» WHAT YOU WILL DO: In the records below, find the line containing "Miniatura 2 de" and the line containing "Sweaters Fair Isle". Give again exactly those lines and every line between them, omitting the pictures.

» AVAILABLE RECORDS:

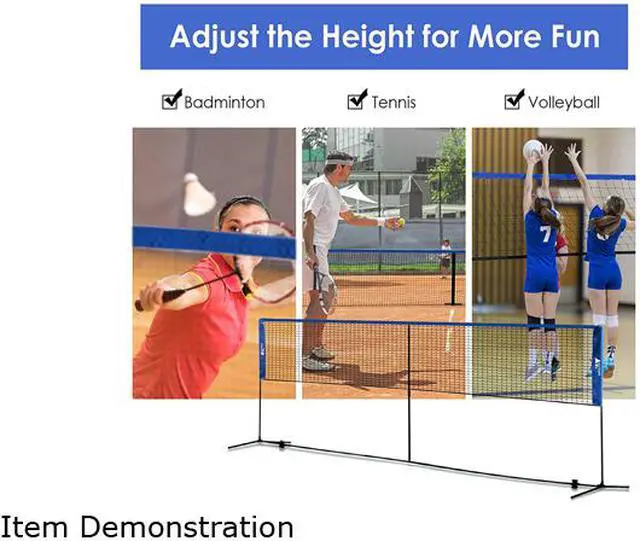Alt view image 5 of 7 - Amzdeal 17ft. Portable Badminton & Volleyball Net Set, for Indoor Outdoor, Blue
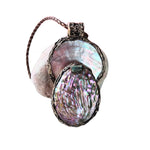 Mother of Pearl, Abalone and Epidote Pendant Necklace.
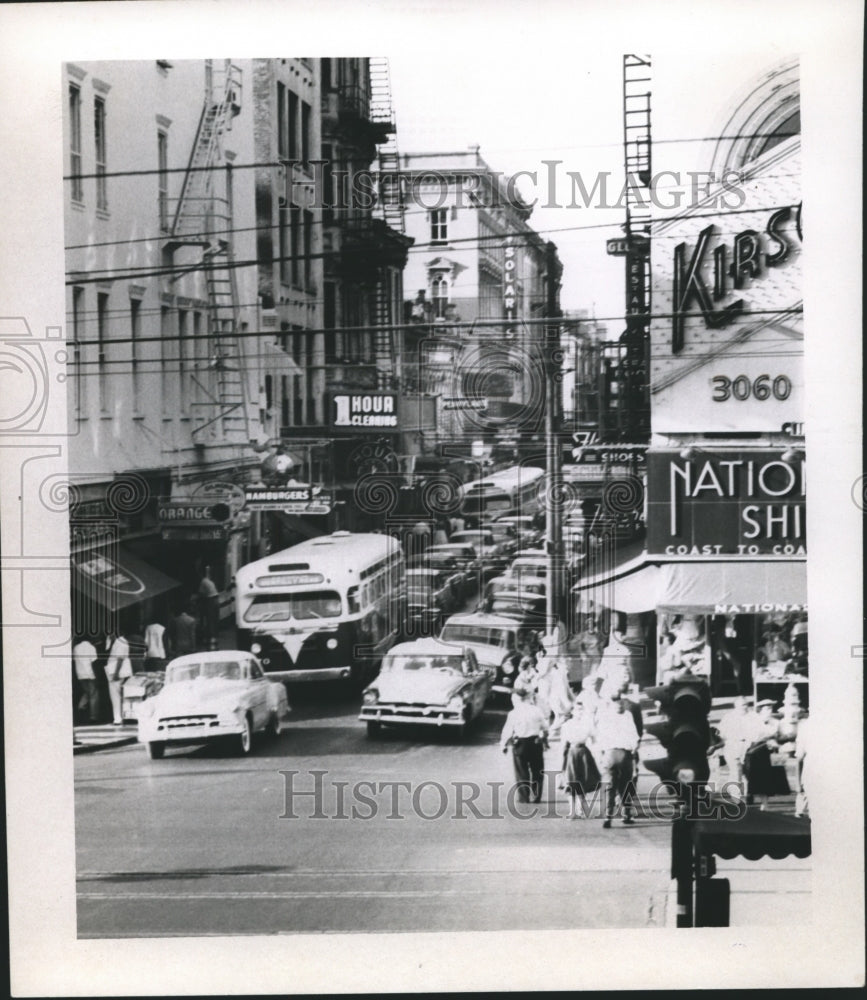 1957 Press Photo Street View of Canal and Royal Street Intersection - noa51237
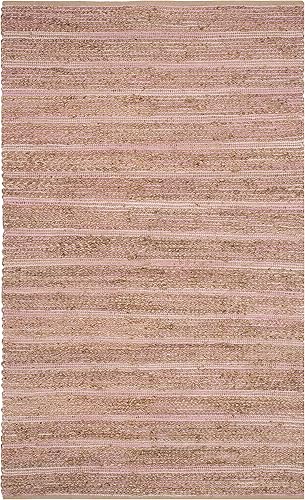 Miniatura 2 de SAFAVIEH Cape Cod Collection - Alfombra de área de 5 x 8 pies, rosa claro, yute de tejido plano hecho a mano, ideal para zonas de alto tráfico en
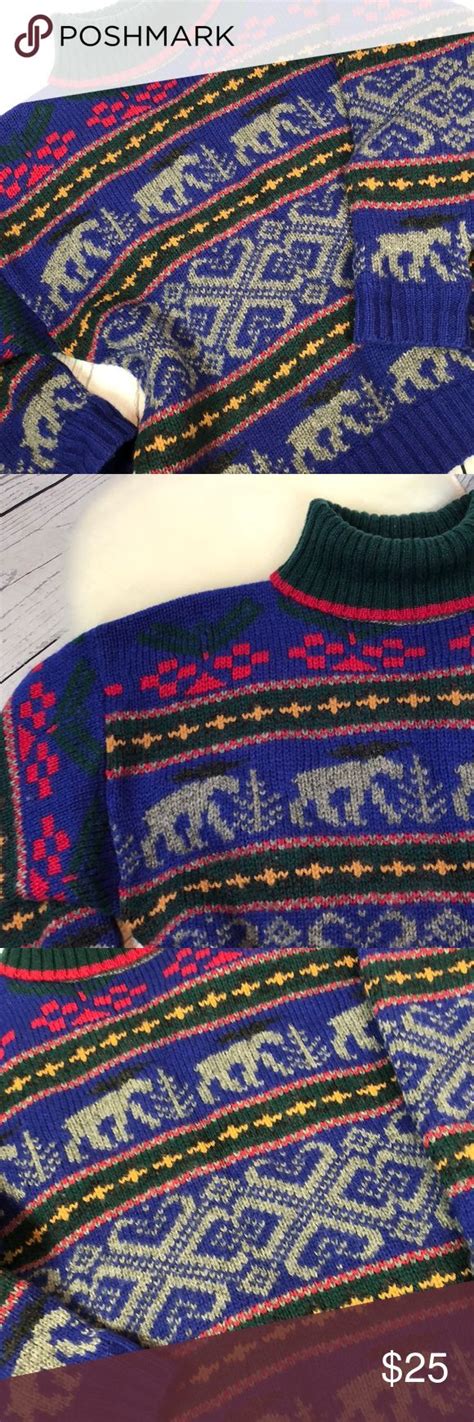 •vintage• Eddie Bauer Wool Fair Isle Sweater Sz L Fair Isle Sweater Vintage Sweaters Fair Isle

==

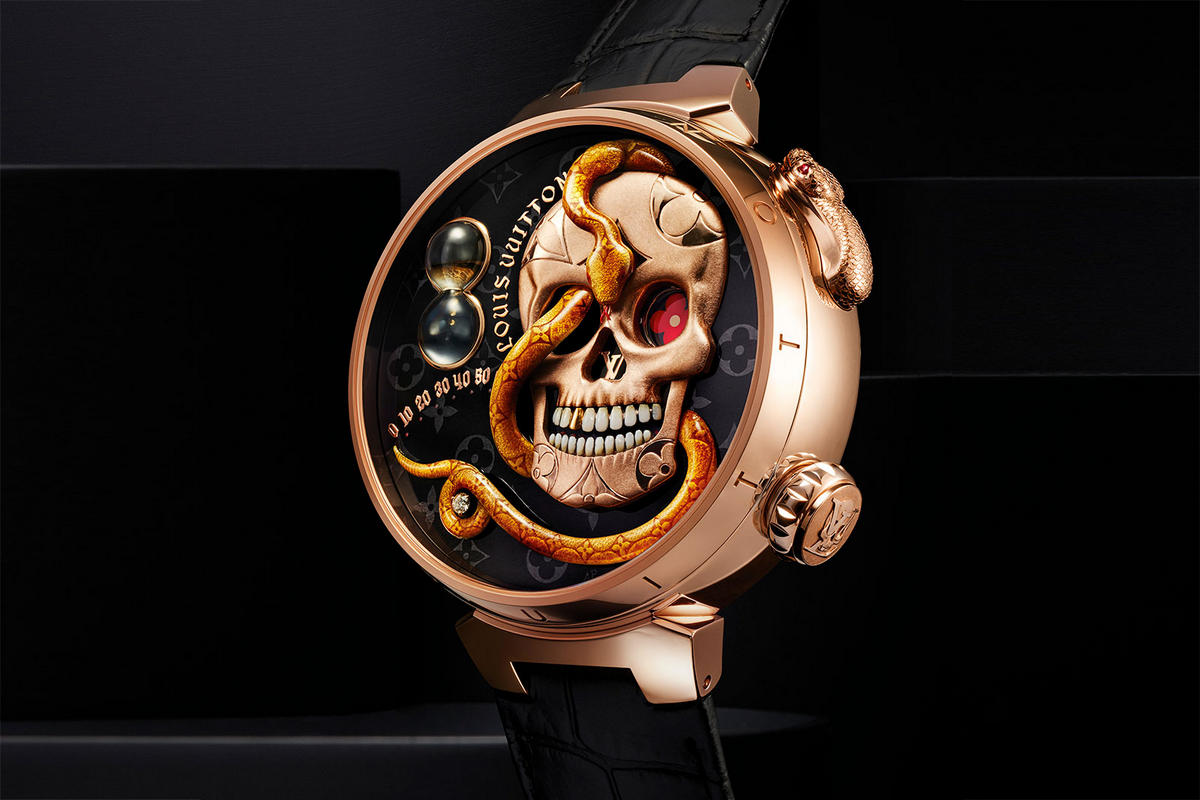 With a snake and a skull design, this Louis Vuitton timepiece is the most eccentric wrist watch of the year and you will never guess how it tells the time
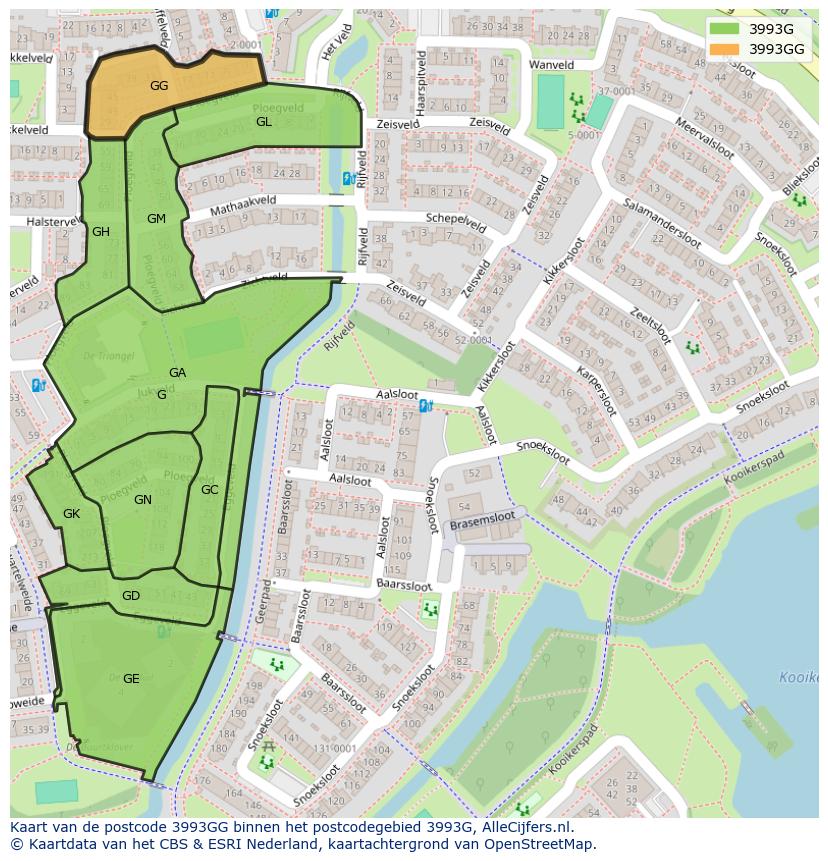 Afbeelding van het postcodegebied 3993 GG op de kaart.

» EXERCISE ANSWER:
 Miniatura 2 de SAFAVIEH Cape Cod Collection - Alfombra de área de 5 x 8 pies, rosa claro, yute de tejido plano hecho a mano, ideal para zonas de alto tráfico en
 •vintage• Eddie Bauer Wool Fair Isle Sweater Sz L Fair Isle Sweater Vintage Sweaters Fair Isle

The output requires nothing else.